Die Welt schaut auf Hongkong
Der Flughafen Hongkongs ist ein bedeutender und hoch frequentierter internationaler Drehkreuzflughafen. Somit werden durch die Proteste vor Ort die erschütternden Nachrichten der Demonstranten in die Welt hinausgetragen.

„Die demokratischen Staaten des Westens sollten diesen Ruf hören, denn auch sie könnten vom Kampf der Demokratie gegen das totalitäre China betroffen sein. Schon jetzt wird der Konflikt zwischen Hongkong- und Festlandchinesen auch im Ausland ausgetragen.“, so Benedikt Voigt im Tagesspiegel (online). „Hongkong ist nicht länger sicher“, stand auf den Schildern zahlreicher schwarz gekleideter Demonstranten auf dem Internationalen Flughafen Hongkongs. Sogar „Die Hongkonger Polizei tötet uns“ war auf einem Plakat zu lesen.
„China muss verdeutlicht werden, dass ein Eingreifen der Volksbefreiungsarmee in Hongkong internationale politische und wirtschaftliche Konsequenzen haben würde“, fordert Benedikt Voigt weiter.

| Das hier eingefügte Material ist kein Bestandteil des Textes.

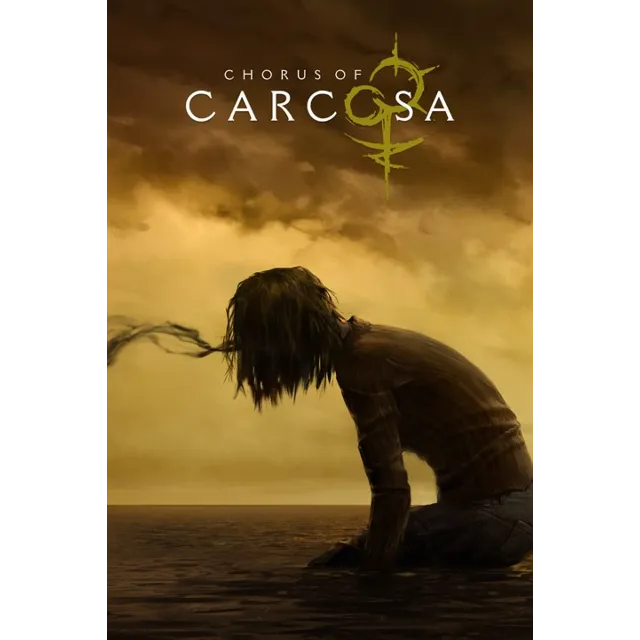 ✅ Chorus Of Carcosa Xbox Series X|S активация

Aussagen wie diese werden in den westlichen Medien immer lauter.
Politiker weltweit sprechen sich für die Bewahrung der Freiheiten Hongkongs aus.
Deutschlands Kanzlerin Angela Merkel warnte China davor, die Rechte der Bürger Hongkongs anzuzweifeln. Es müsse angesichts der immer größer werdenden Spannungen jetzt „alles daran gesetzt werden, Gewalt zu vermeiden und die Möglichkeiten einer Lösung im Rahmen des Dialogs zu finden“. Außenminister Heiko Maas fordert auch, dass die Einhaltung des Rechtes der freien Meinungsäußerung beibehalten werden: „Wir machen uns große Sorgen über die Entwicklungen in Hongkong. Die Dinge eskalieren immer mehr, man kann nur appellieren, dass sich alle Seiten zurücknehmen. Wichtig wird für uns allerdings auch bleiben, dass das Recht auf freie Meinungsäußerung nicht beeinträchtigt wird.“
Die Bundesregierung plädiere für einen Dialog zwischen den Konfliktparteien, der auf den Hongkonger Gesetzen basiere, welche die Grundsätze der Meinungsfreiheit und Rechtsstaatlichkeit sicherten.

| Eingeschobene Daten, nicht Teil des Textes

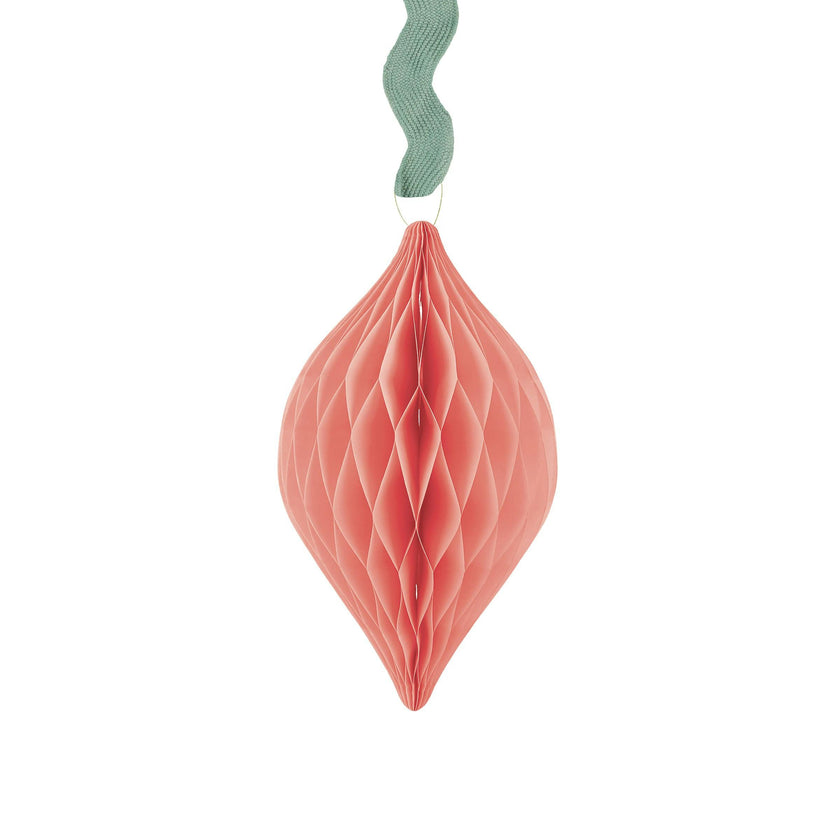Large Hanging Christmas Decorations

Jede weitere Eskalation hätte „auch Auswirkungen auf die Wirtschaft in Zeiten ohnehin bestehender Turbulenzen“, sorgt sich der außenpolitische Sprecher der CDU/CSU-Fraktion im Deutschen Bundestag, Jürgen Hardt, laut gmx.at. Man müsse Wege finden, um die Lage zu entschärfen. „Zugleich verdeutlichen die Entwicklungen auch, dass die EU noch intensiver als bisher daran arbeiten muss, eine gemeinsame und kohärente Strategie im Umgang mit China zu entwickeln —nicht nur mit Blick auf Hongkong, sondern auch auf die Seidenstraßeninitiative und das chinesische Engagement in Drittstaaten“, so Hardt weiter.
Der französische Außenminister Jean-Yves Le Drian forderte ebenfalls zu einem friedlichen Dialog auf und betonte die Wichtigkeit des Grundsatzes von „ein Land, zwei Systeme“, welcher den Menschen in Hongkong vor allem Rechtsstaatlichkeit, Wahrung der Menschenrechte, Autonomie der Justiz, sowie wirtschaftlichen Wohlstand garantiere. „Frankreich bekennt sich nachdrücklich zur uneingeschränkten Einhaltung all dieser Grundsätze“, unterstreicht Le Drian in seiner Aussage.
Die öffentliche Unterstützung für die Proteste ist auch in Hongkong trotz der sporadischen Gewalttaten nach wie vor groß: „Viele Menschen entwickeln Sympathien gegenüber den Demonstranten, da sie erkennen, dass die Regierung zu unnachgiebig ist und trotz langanhaltender Proteste – seien sie friedlich oder gewalttätig – nicht auf die Forderungen der Demonstranten reagiert. (…) Die Öffentlichkeit wird den Mob, der die Legislative gestürmt hat vielleicht nicht unterstützen, aber das bedeutet nicht, dass sie die Herangehensweise durch die Regierung von Carrie Lam Cheng Chen Yuet-ngor an das Thema unterstützen“, erklärte Dr. Cheung Chor-yung, ein leitender Dozent am Department of Public Policy der City University der South China Morning Post.